Geneva Galloway, administrative specialist for the Donaghey Scholars Honors Program, is one of the first graduates of the City of Little Rock’s new R.O.C.K. (Residents Obtaining Community Knowledge) Academy.
“I have been on this journey of civic engagement since about 2016,” said Galloway, who participated in the second academy cohort. “I saw this as an opportunity to get more involved with the city. Throughserving as a board member on my neighborhood association in Broadmoor and through my work at UA Little Rock, I have found that I can make the biggest difference right here in my own backyard.”
The City of Little Rock launched its new R.O.C.K. Academy community education course on civic engagement in fall 2020 to cultivate understanding and enhance the relationship between city government and its residents.
“R.O.C.K. is an acronym for Residents Obtaining Community Knowledge,” Mayor Frank Scott Jr. said in a press release. “We wanted a way to cultivate understanding and enhance the relationship between City government and its residents. R.O.C.K. Academy will give residents an up-close look at how their City government works and we hope it will act as a catalyst that prompts civic engagement through service on our boards and commissions.”
As a member of the Broadmoor Property Owners Association, Galloway said she was inspired to participate in the academy to learn how to become more engaged with the city and to be a better advocate for its citizens.
“I want to be someone that can be a resource and an advocate for the city and for the services that I don’t think residents know are at their disposal,” she said. “For example, my mom raises my 8-year-old niece, and she’s a full-time nurse. The summer is coming up, and childcare is very expensive and difficult to figure out. The city offers a summer youth playground program. They create a safe environment where families can bring their kids during the work day. The kids get the opportunity to participate in different recreational activities, including field trips around the city to places like MacArthur Museum of Military History and the Clinton Presidential Library.This is one example of a program that I had no idea the city offered and that more people should know about.”
During the seven-week program, residents gain knowledge and insight through discussions, virtual demonstrations and virtual site visits, both in-person and via virtual instruction that includes virtual field trips capped with a “graduation” held at a City Board of Directors meeting on May 18.
The sessions include:
Government 101 – An overview of city government.
Dollars and Sense – A look at the budgeting process and economic development.
Safety in the City – Meet those working to keep the city safe.
Little Rock Building Blocks – Hear from Planning and Development, Public Works and Housing and Neighborhood Programs departments.

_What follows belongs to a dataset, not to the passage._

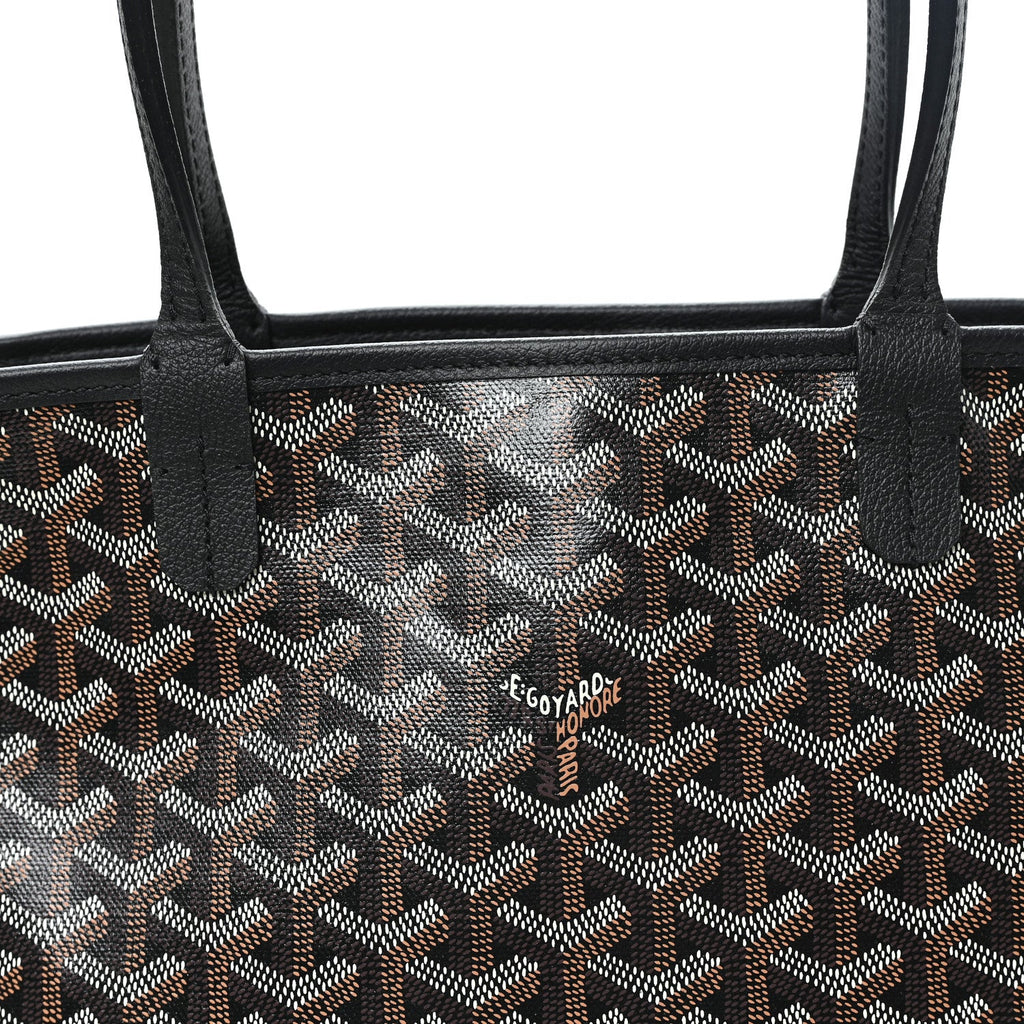 Goyardine Artois PM Black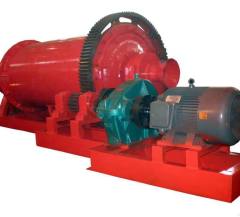 Enegy saving ball mill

Livin’ in Little Rock – Focuses on quality of life topics such as Parks and Recreation, the Little Rock Zoo and sustainability measures.
Community Care – Learn about city-supported social service programs and other resources.

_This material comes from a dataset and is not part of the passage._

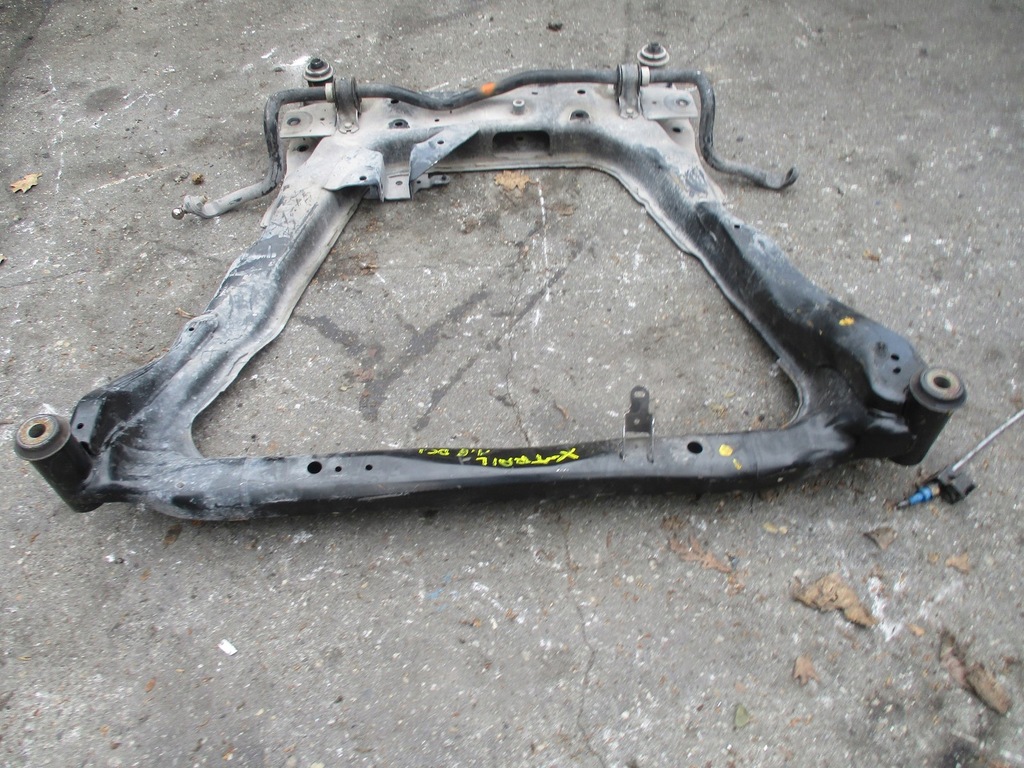 фото №4, Подрамник подрамник подрамник nissan x trail 1,6dci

One of the lessons that Galloway learned through the academy is that there are many ways to practice civic engagement.
“One of the coolest things is that they asked us to go spend a small amount of money in a different ward than the one we live in,” she said. “I went and had a delicious lunch at La Vaquera Taqueria located in Ward 7 on Chicot Road. That positive experience taught me that civic engagement can be as simple as spending money in a part of the city that you don’t visit frequently.”
Having grown up in Little Rock, there are so many parts of the city that I hadn’t visited up until my 20s. It reinforced that there is a disconnect that people might have in different areas of the city. If you join the academy, you learn about the different wards, and it gives you a reason to go and check them out.”

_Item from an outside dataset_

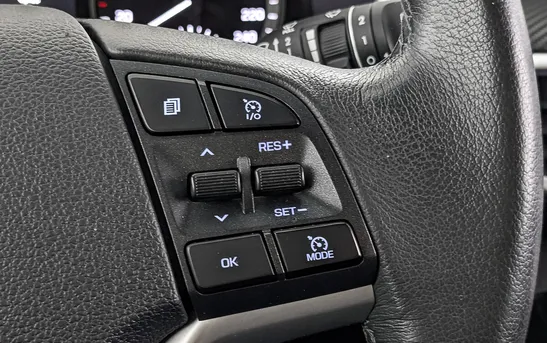 Hyundai Tucson 2.00 автоматическая, фото №18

Once Galloway has finished her term on Broadmoor’s neighborhood association, she is planning to put her new knowledge to work by serving on one of Little Rock’s city commissions.
“I’ve learned there are many ways to serve that can have a lasting impact,” she said. “There are so many more things that we can do other than voting to be civically engaged. After I finish my term on the neighborhood association, a city commission is the next way that I’d like to be able to participate.”